For a) by their subservient and fearful fellow soldiers; for c) by anyone with a grudge including ISIS.
To switch sides would take a large number of them who can confidently discuss things free of threat from those who are strongly committed to Assad and there would be a great many who feel their somewhat comfortable existence is too much to risk with joining a revolt.
And IS isn't the only alternative. When the civil war started IS wasn't involved and the Sunni Islamists were on the fringes of things. IS may have become one of the better funded 'rebel' groups but they are far from the only ones.

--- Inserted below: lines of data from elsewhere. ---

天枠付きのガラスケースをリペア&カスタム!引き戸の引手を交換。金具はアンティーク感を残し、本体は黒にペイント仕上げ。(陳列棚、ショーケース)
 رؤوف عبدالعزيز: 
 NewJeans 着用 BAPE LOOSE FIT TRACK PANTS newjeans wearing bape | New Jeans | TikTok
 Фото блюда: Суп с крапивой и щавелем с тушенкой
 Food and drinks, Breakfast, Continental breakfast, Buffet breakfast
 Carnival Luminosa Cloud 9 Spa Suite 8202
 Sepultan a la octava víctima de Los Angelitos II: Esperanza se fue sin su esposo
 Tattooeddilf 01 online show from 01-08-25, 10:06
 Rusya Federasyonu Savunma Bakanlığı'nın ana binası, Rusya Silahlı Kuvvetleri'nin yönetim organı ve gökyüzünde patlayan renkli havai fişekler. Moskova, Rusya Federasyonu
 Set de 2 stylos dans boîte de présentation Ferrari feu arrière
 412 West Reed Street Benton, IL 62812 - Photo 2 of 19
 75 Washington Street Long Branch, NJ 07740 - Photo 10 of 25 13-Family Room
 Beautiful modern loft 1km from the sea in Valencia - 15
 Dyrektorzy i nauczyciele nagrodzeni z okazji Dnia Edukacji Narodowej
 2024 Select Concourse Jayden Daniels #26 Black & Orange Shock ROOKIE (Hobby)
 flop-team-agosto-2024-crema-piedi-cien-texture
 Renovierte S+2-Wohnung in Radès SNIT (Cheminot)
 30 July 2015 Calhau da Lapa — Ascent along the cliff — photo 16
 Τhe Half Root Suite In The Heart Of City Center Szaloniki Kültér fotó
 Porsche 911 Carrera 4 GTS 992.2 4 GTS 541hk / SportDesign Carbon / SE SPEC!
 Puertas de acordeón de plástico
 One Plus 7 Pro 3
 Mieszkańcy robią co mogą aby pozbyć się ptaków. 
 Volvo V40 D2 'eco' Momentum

There is no alternative to ISIS. The remaining groups are just as bad. What was the US funded 'Free Syrian Army' does not really exist anymore, as their members have either been wiped out, sold their weapons to ISIS and run, or reportedly most have joined ISIS. Maybe ISIS disn't exist when the US/Saudi funded insurgency started, but they do now and the original situation is gone forever. There are few so-called moderate rebels left; the most recently US trained ones were ambushed almost as soon as they set foot in Syria. The other ones, like the 'moderate' heart-eating Jabhat Al-Nusra Front are just as evil, although some US neo-cons and the Israelis were recently trying to make us believe that they are 'moderate' so as to be seen as still supporting an opposition to Assad for his overthrow. Israel is providing support to them, because the primary object is to overthrow Assad, and accept a territory next door where chaos reigns at the hand of terrorists.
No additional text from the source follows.